How is a dimension then designed?

The main goal distributing the InfoObjects in their dimensions must be to keep the dimensions as small as possible. The decision on how many dimension and what InfoObjects go where is purely technical driven. In some cases this matches the organisational view but this would only be a conicidence and not the goal.

There is a few guidelines that should be considered assigning InfoObjects to dimensions:
  • Use as many dimensions as necessary but it's more important to minimize dimension size rather than the number of dimensions.
  • Within the dimension only characteristics that have a 1:n relation should be added (e.g. material and product hierarchy)
  • Within a dimension there shouldn't be n:m relations. (e.g. product hierarchy and customer)
  • Document level InfoObjects or big characteristics should be designed as Line-Item dimensions. Line item dimensions are not a true dimensions they have a direct link between the fact table and the SID table. 
  • The most selective characteristics should be at the top of the dimension table
  • Don't mix characteristics with values that change frequently causing large dimension tables. (e.g. material and promotions)
  • Consider also to combine unrelated characteristics it can improve performance by reducing the number of table joins. (you only have 13 dimensions so combine the small ones)

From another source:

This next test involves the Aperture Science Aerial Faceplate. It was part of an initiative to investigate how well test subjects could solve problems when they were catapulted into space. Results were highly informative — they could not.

As a help the report (SE38) SAP_INFOCUBE_DESIGNS can be used.
image001.png
This yellow marked dimension should be converted into a line item dimension if it contains a document level characteristic or it is simply bad design.

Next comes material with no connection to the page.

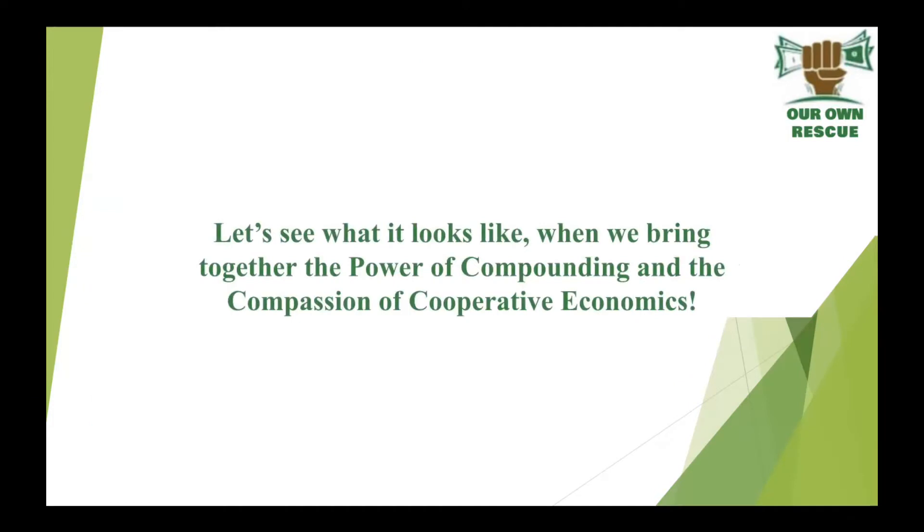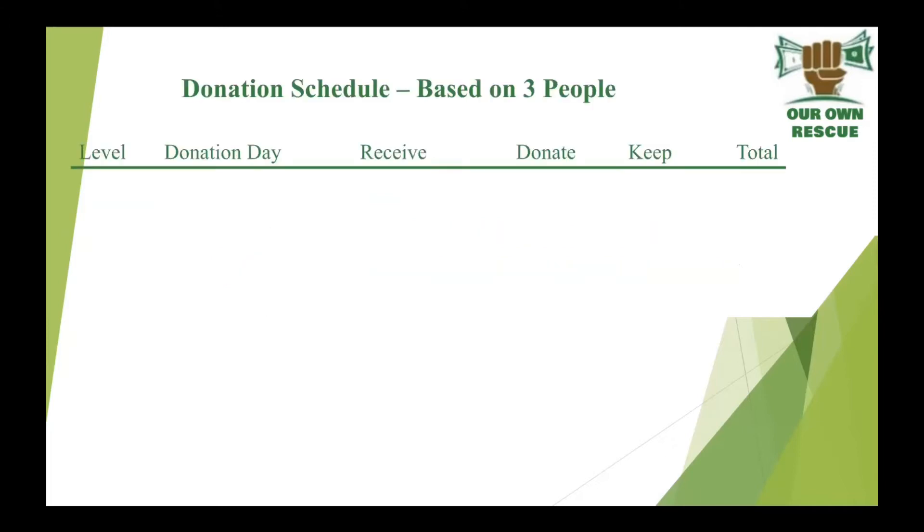Let's see what it looks like when you bring together the power of compounding and the compassion of cooperative economics. Here's the donation schedule based on three people — you have your level, your donation date, what you receive, what you donate, the month you keep, and the total. Number one: Monday. Say we start on a Monday — everyone gives ten dollars. Ten dollars by three people equals thirty dollars. You donate $25 back in, you keep five, your total is five.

The maximum number of entries  a dimension potentially can have is calculated through the cartesian product of all SID's. (e.g. 10'000 customer and 1'000 product hierarchies lead to 10'000'000 possible combinations in the dimension table. It's unlikely that this is going to happen and while designing the dimension this should also be considered - analyzing the possibilities of all customers buying all products in this case.
In cases where there is an m:m relationship it usually means there is a missing entity between those two and therefore they should be stored in different dimensions.
Once data is loaded into the InfoCube a check on the actual number of records loaded into the dimension table vs. the number of record in the fact table should be done. As a rule of thumb the ratio should be between 1:10 and 1:20.


Degenerated Dimensions

If a large dimension table reaches almost the size of the fact table when measured the number of rows in the tables it's a degenerated dimension. The OLAP processer has to join two big tables which is bad for the query perfromance. Such dimensions can be marked as Line Item Dimensions causing the database not to create an actual dimension table. Checking the table /BIC/F<INFOCUBE> will then show that instead of the DMID dimension key the SID of the degenerated dimension table is placed in the fact table. (Field name RSSID). With this a join of the two tables is eliminated. Those dimensions can only hold one InfoObject as a 1:1 relationship must exist between the SID value and the DIMID.
Dimensions with a lot of unique values can be set to High Cardinality which changes the method of indexing dimensions. (ORA DB only) This results in a switch from a bitmap index to a B-Tree index.
image001-1.png
Defining a dimension as Line Item Dimension / High Cardinality


Conclusion

Finding the optimal model and balancing the size and the number of dimensions is a delicate excercise.
Dimensions in MultiProvider do not have to follow the underlying InfoCubes definitions. Those can be focused on the end users need and be structrured by the organizations meaning. This does not affect the performance as the MultiProvider does not have a physically existing datamodel on the database.    
Designing the dimension in an InfoCube correctly can have a significant improvement on performance!

By: Manohar Delampadi          scn.sap.com

Objective: The objective of this post is to simplify the understanding on dimension designs of an infocube and to decide upon the dimensions based on the repetition of the data held in the dimension tables.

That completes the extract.